The fact is, any time there is a ruckus or commotion in the classroom, every single student has to rush over to see just what is happening and what they possibly might be missing out on.   So, there I was, standing at the back table holding my finger out so several little ones could admire (or be repulsed) by this staple in my finger.   And, by the way, yes.  It did hurt. A lot.

I tried to pull it out but it was deeper in my finger than any staple I've ever pounded into my wall or bulletin board.  Great.  Even though only a few seconds had passed, it felt like minutes as the little girl continued to look scared (and still had not stopped her chorus of "oh no") and the owner of the stapler looked helplessly on.  They waited for my lead. 

I pulled at it with my fingernail, all the while assuring them that all was fine.  That it was perfectly normal to have a staple in your finger.  But it simply was not budging.  I pulled again and then finally headed over to my desk to find a staple remover.  I was actually thinking that I would have to use it to get this thing out of my finger.  And, yes.  It was hurting even more.  In fact, now it was throbbing.  

My little crowd followed me to my desk and luckily, I pulled one last time and the staple came out.   Immediately, a couple of my little helpers raced to the sink to get a paper towel and water and soap and a bandaid and anything else they thought might help, including a spork.   It wasn't really bleeding and although it did hurt, I soldiered on.  I showed the darling little girl that it wasn't even bleeding.  

"Hey!  It looked worse than it feels," I told her to make her feel better.  "It really doesn't even hurt."   I smiled my best teacher smile.  

She looked relieved.   The stapler owner tossed the defective stapler into the trash in a show of disgust and support of my finger.  

"I'm fine!  I'm fine!" I reassured them all.  "But I wouldn't recommend any of you try this at home!  Just stick to rulers on pencils and clicking your pens."     

They giggled and you could see they all were ok now that I was ok.  Their worry for me is so heart-warming.  The last thing they want is for anything to happen to me.  A classroom of students is like your own little fan club.  

One of the things I always tell my students when they are playing with something in the classroom, like twirling their ruler on their pencil, clicking their pen, or playing with scissors is to save that for when they are home on the weekend with their parents.  I tell them to walk around their house all day Saturday clicking pens, twirling rulers, and playing with scissors.   They always laugh.     We are at the point in the year where as soon as I remind them not to play with something, they all parrot back what I have been telling them all year. 

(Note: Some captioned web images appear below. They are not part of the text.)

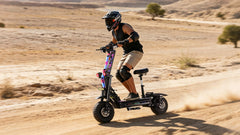 ZonDoo ZO03 Electric Scooter - 5600W Dual Motor, 45 MPH, 50-Mile Range **PRE-ORDER**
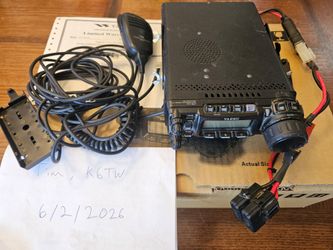 Yaesu 857d with YSK-857 separation kit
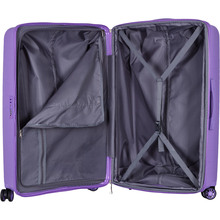 Набор чемоданов 2E Aero L+M+S Lavander (2E-SPP-AERO-SET3-LV)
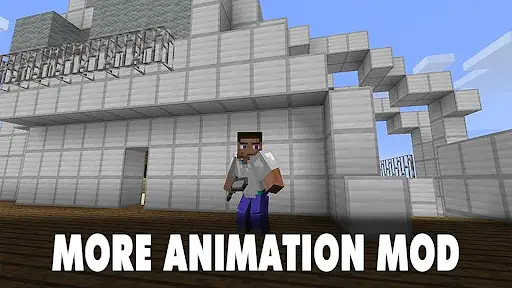 Player Animation Mod for MCPE APK Download 2023 - Free - 9Apps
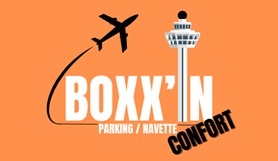 Boxx’In Confort – Parking couvert + navette - Toulouse logo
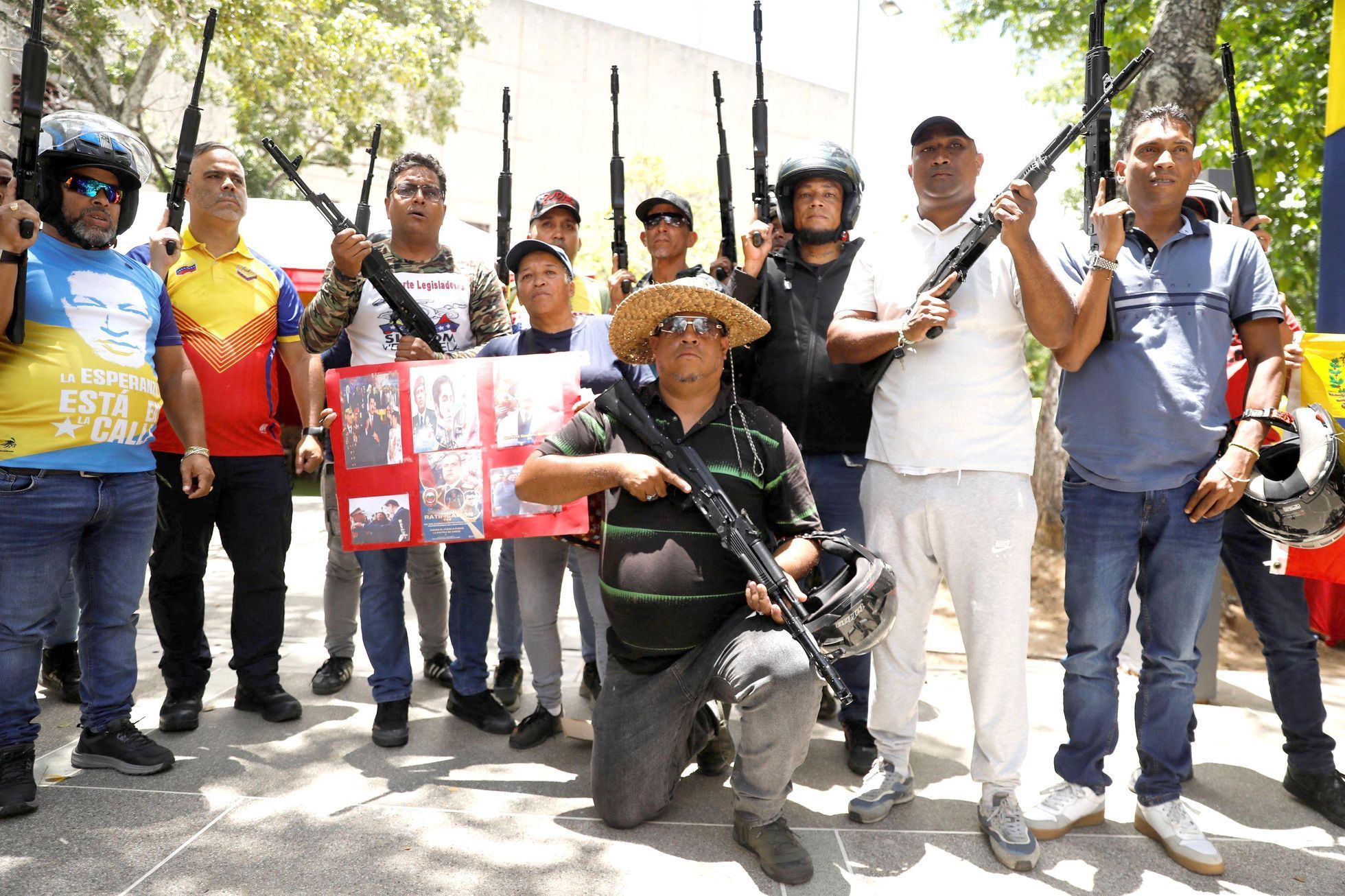 Venezuela, USA, armáda, dobrovolníci, Maduro, výcvik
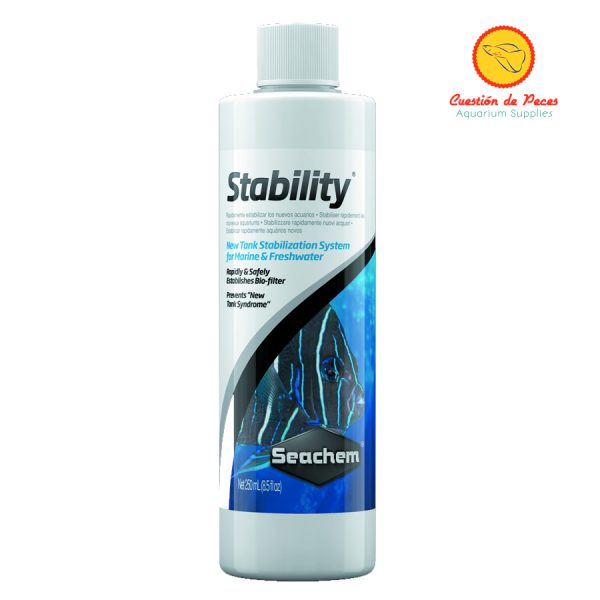 SEACHEM Stability Acelerador Biológico x250 ml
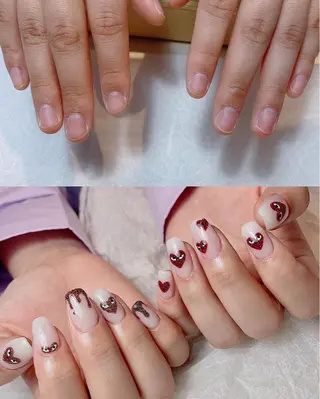 ネイル 南野 由希のネイルデザイン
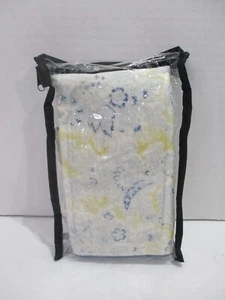 Ralph Lauren Estándar Sham Marisa Azul Paisley Amarillo Rayas Reverso Corbata Algodón - Imagen 1 de 10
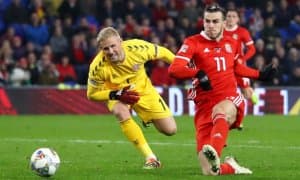 Уэльс - Дания 1:2 (видео)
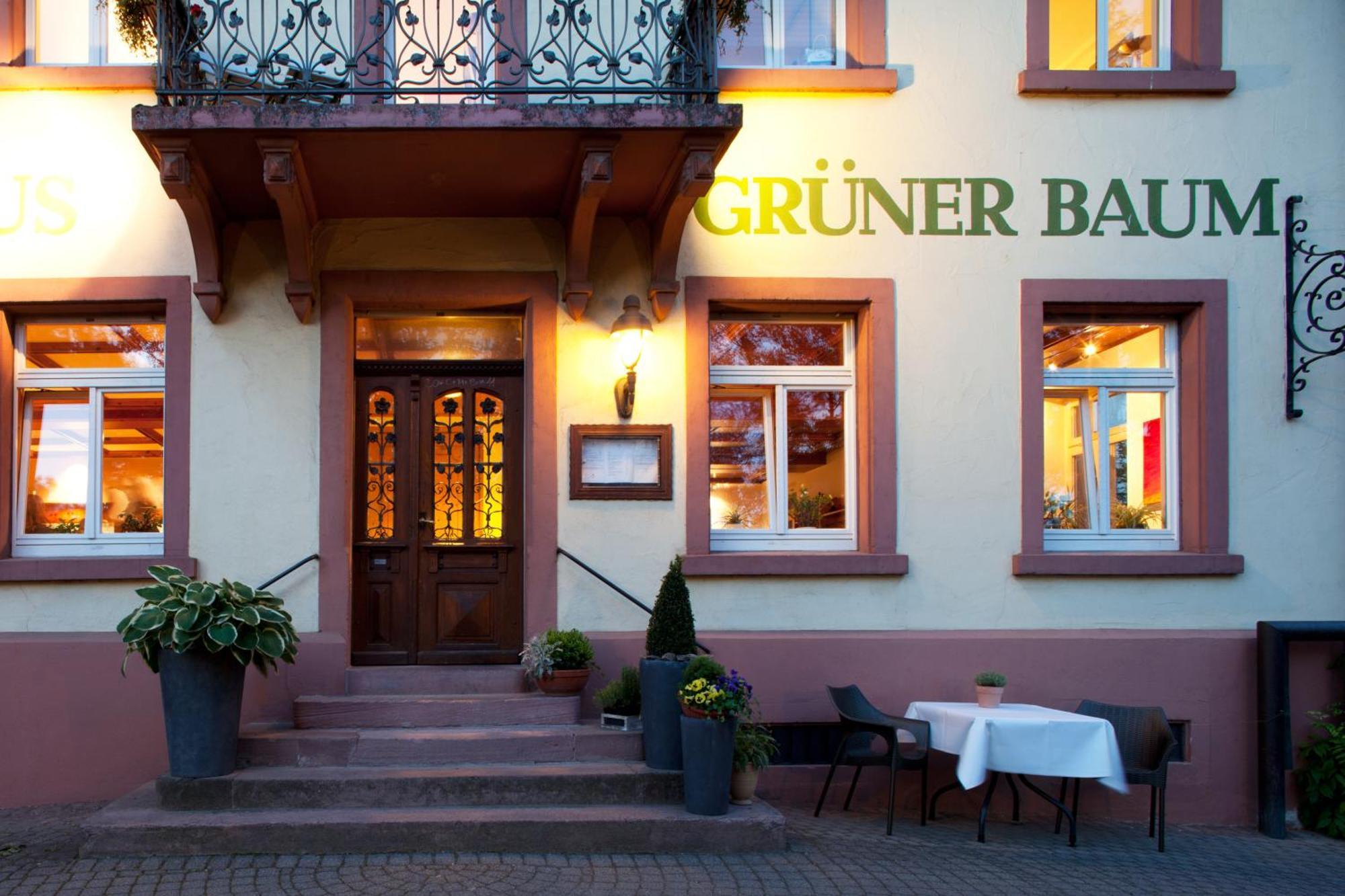 Hotel & Restaurant Gruener Baum Merzhausen Exterior foto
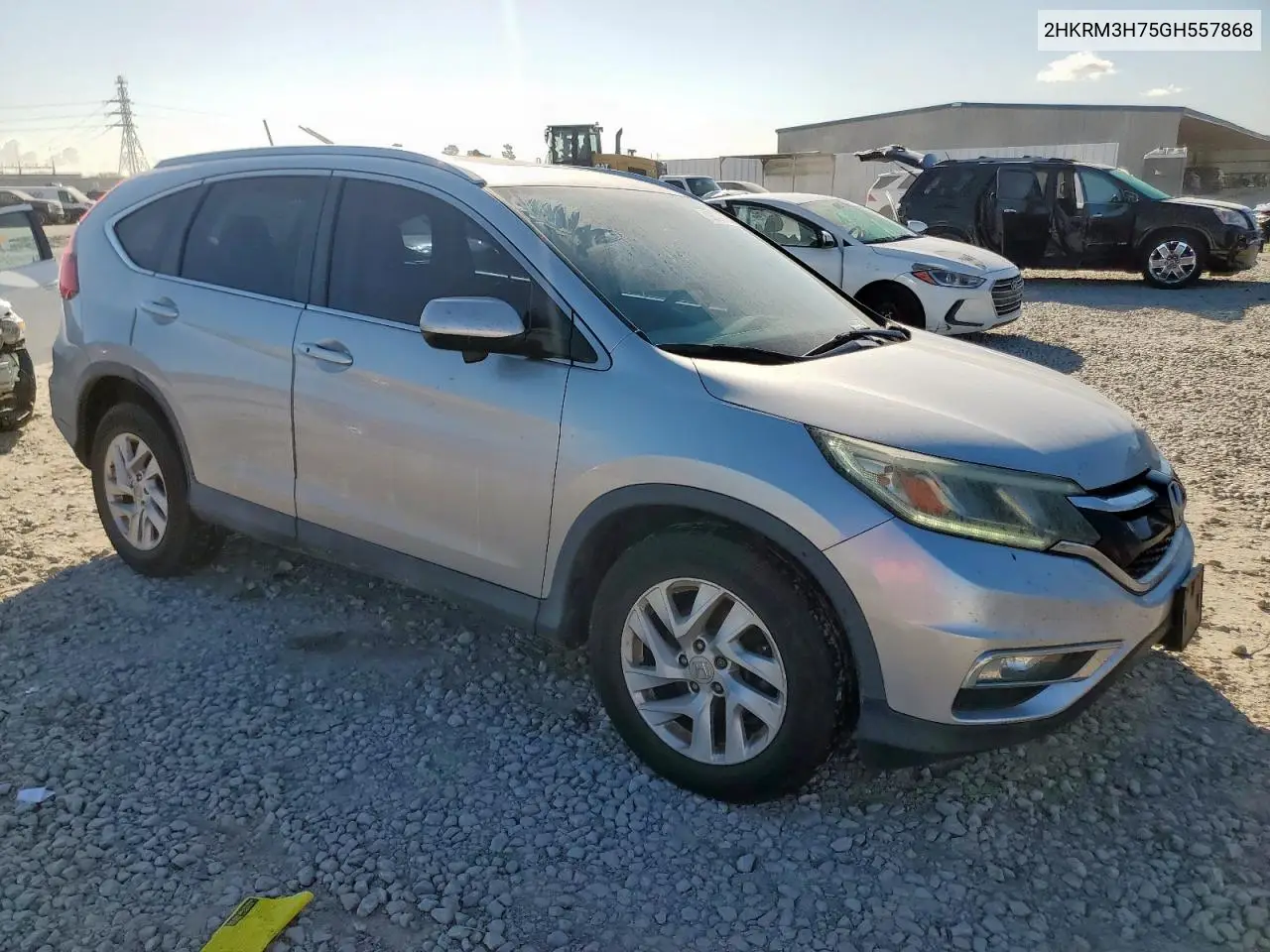 2HKRM3H75GH557868 2016 Honda Cr-V Exl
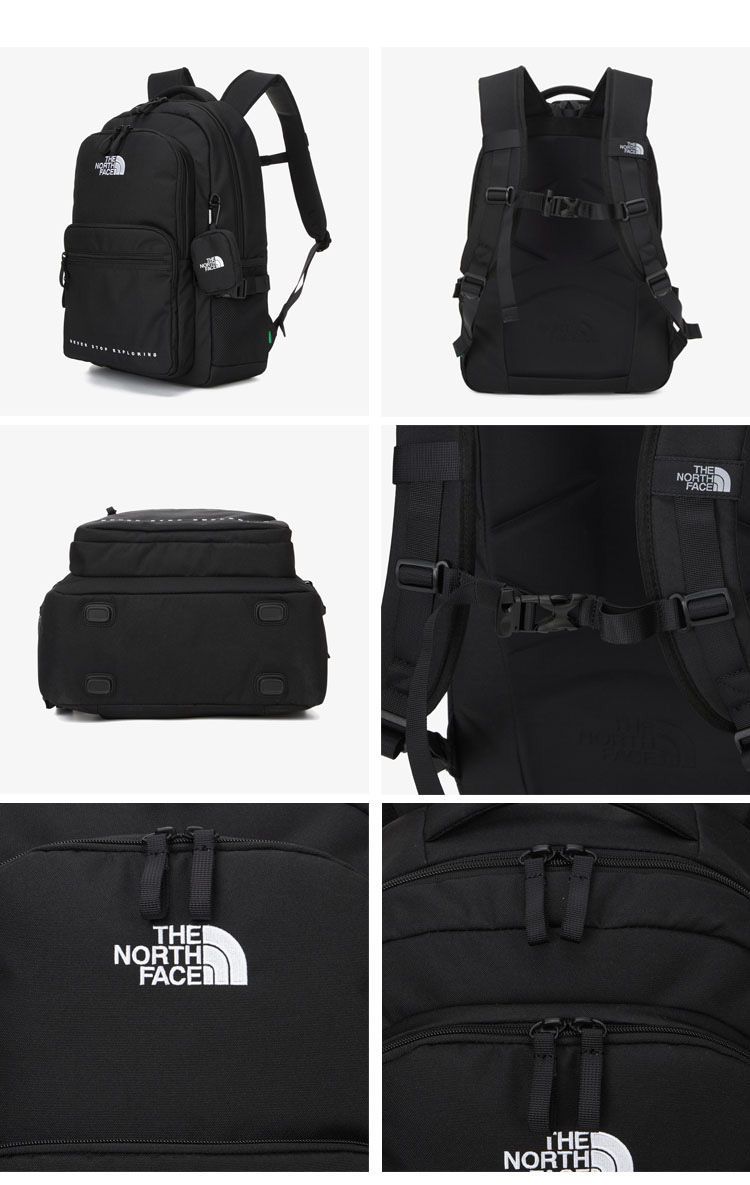 【全新品】ザ・ノース・フェイス  THE NORTH FACE DUAL POCKET BACKPACK リュック NM2DN03J 4色 BLACK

It was a great New Year's Party on Friday. We had balloons and decorations and music. The kids played some games, wore hats and tiaras, decorated glasses, ate some food, and limboed.  They laughed and had fun.  Just like a kid should do every day.   They gave me gifts and cards they had made with markers and stickers and glitter.  They hugged me tight before they left.  They told me they would miss me and see me next year.   Two weeks is a long time for a nine year old.  I will most certainly miss them too.

And as I glanced up at the clock for the final time a few minutes before the bell rang and looked down at my bandaged finger that was still throbbing, I realized there was no place else I would want to be.  I was giddy at the thought of having two whole weeks of vacation.   One little cutie came up to me to hug me and tell me she would miss me.  She took her little hand and pulled my hand up to look at my bandaged finger. 

"Is your finger ok?" she asked.  

"Yep," I told her.  "Good as new. Just remember  - don't try that one at home!" 

To all my fellow teachers  - 

     Happy holidays!  Enjoy every minute of your break from school.